2.3), to the packet load then received, according to step 2.2) method handled;When packet in buffering area After load is filled with, using first in first out (First In First Out, FIFO) aging mechanism flush buffers, to store The packet load subsequently reached, during refreshing, is mapped in the sampling characteristic fingerprint for being moved out of packet load in characteristic fingerprint storehouse It is eliminated;
(3), redundant flow is recognized
For the sampling characteristic fingerprint extracted in step (2), if the match is successful in characteristic fingerprint, using most imperial palace Hold matching method, according to the corresponding data block of sampling characteristic fingerprint, packet load to reception and the number being mapped in buffer area Matched according to bag load, and output matching byte number is redundant data block size;
Each redundant data block size sum of unit interval is counted, redundant flow size is obtained and identifies redundancy stream Amount.
What the goal of the invention of the present invention was realized in:
Network redundancy method for recognizing flux of the invention based on uniform sampling, passes through characteristic fingerprint uniform sampling:By fixation The window of size is continuously slipping, and maximum characteristic fingerprint is used as sampling characteristic fingerprint deposit characteristic fingerprint storehouse in selected window;With And sampling characteristic fingerprint is dynamically tracked:During searching characteristic fingerprint storehouse identification redundant data block, update in characteristic fingerprint storehouse The characteristic fingerprint of matching points to the packet load matched in (being mapped in) buffering area, to prevent that it is special that buffering area refresh process from removing The characteristic fingerprint of fingerprint base medium-high frequency redundant data packets load mapping is levied, the sustainability of redundant flow identification is kept.

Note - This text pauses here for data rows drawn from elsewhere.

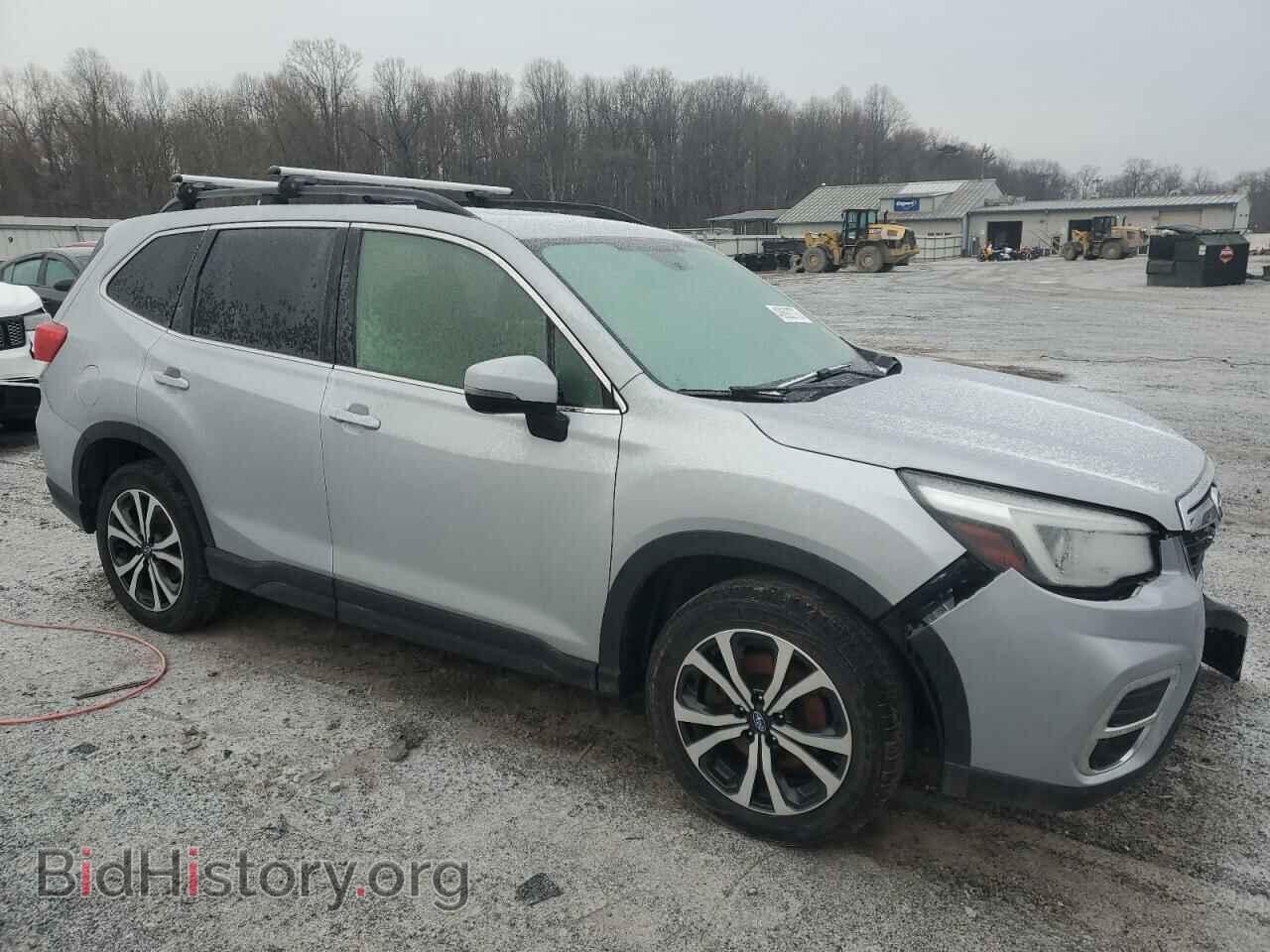2019 SUBARU FORESTER - VIN: JF2SKAUC2KH456066 - Фото 4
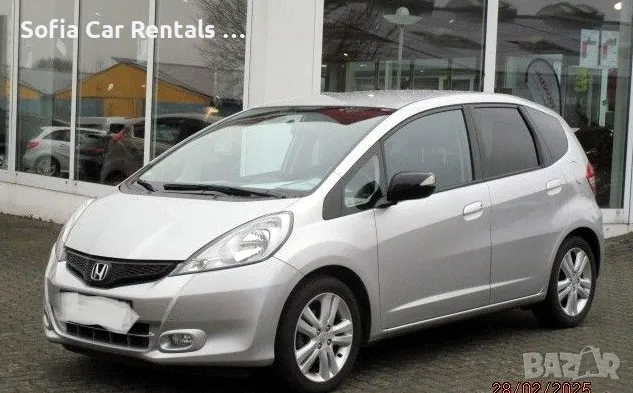 Rent a car / Коли под наем София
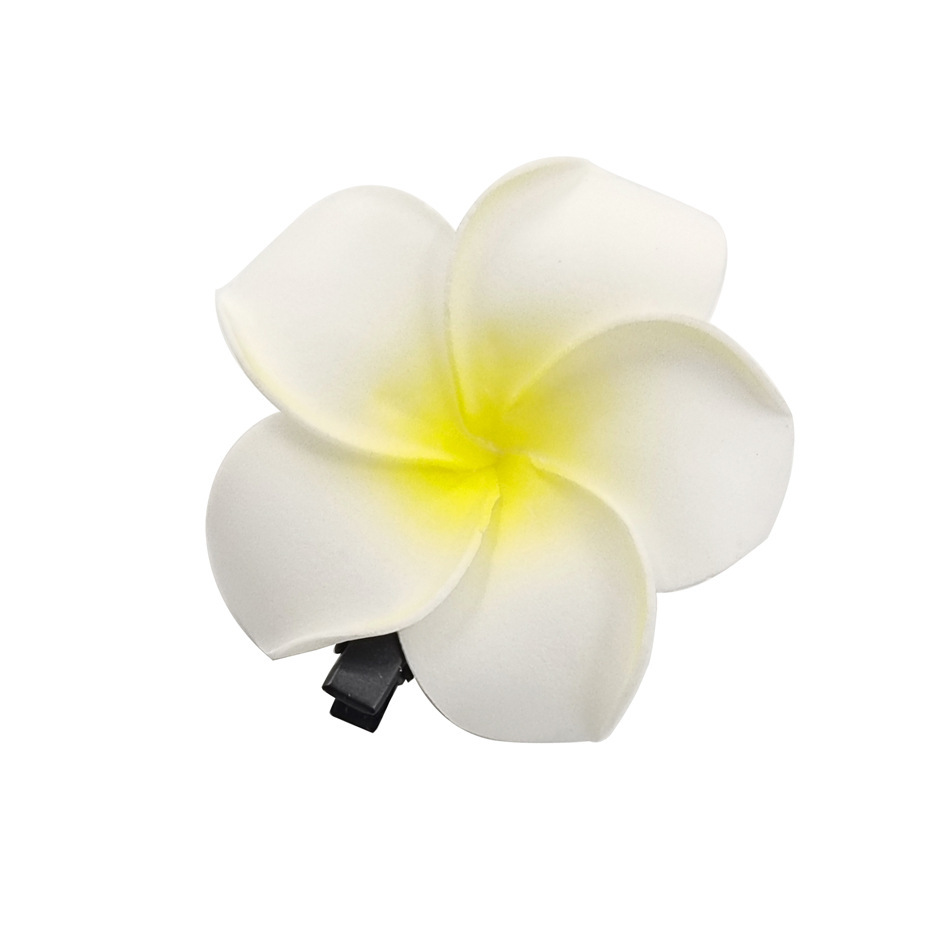Plumeria c yellow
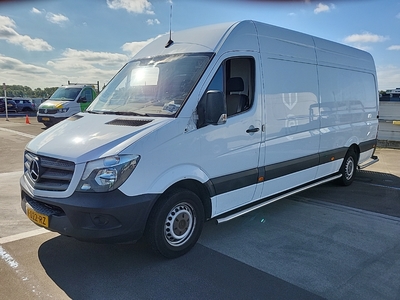Mercedes Sprinter gb 311CDI 4325 3.5T 7G-TRONIC HRF 6 4D 84KW, 2018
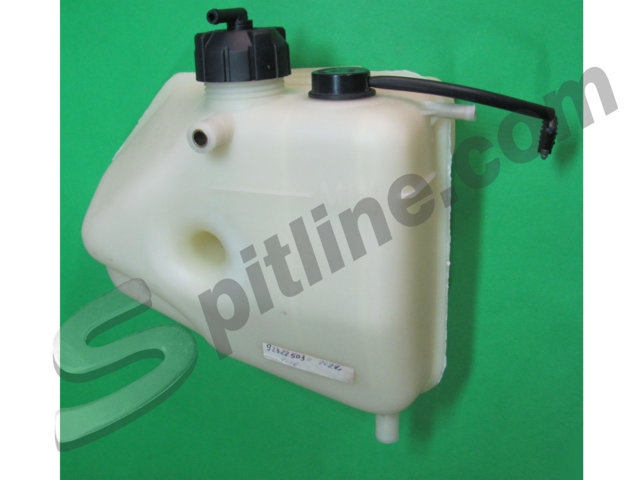 Vaschetta liquido radiatore con sfiato e sensore Fiat Uno 90 IE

Compared with prior art, the beneficial effect in terms of the present invention has following four:
(1), the characteristic fingerprint uniform sampling of the invention based on continuously slipping window has stronger interval representative, ensures The validity that the present invention is recognized to redundant flow;
(2), dynamically tracking solves the sampling feature that buffering area aging (refreshing) brings and referred to present invention sampling characteristic fingerprint Line Problem of Failure, dynamic tracking and sustainability of the effective guarantee to high frequency redundant data block are recognized, further improve redundancy stream Measure discrimination;
(3), data-oriented covering of the present invention process object, is not limited by application layer protocol, flexible with higher application Property;
(4), the present invention is without sample training, and the characteristic fingerprint uniform sampling and Dynamic Tracking used can be with self adaptation Arbitrary network node environment, deployment is flexible.
Brief description of the drawings
Fig. 1 is network redundancy method for recognizing flux a kind of embodiment flow chart of the invention based on uniform sampling;
Fig. 2 is that packet load divides data block and characteristic fingerprint mapping schematic diagram;
Fig. 3 is characteristic fingerprint uniform sampling schematic diagram;
Fig. 4 is greatest content matching flow chart;
Fig. 5 is the record format figure of redundant flow identification output;
Fig. 6 is characteristic fingerprint dynamically tracking schematic diagram.
Embodiment
The embodiment to the present invention is described below in conjunction with the accompanying drawings, so as to those skilled in the art preferably Understand the present invention.Requiring particular attention is that, in the following description, when known function and design detailed description perhaps When can desalinate the main contents of the present invention, these descriptions will be ignored herein.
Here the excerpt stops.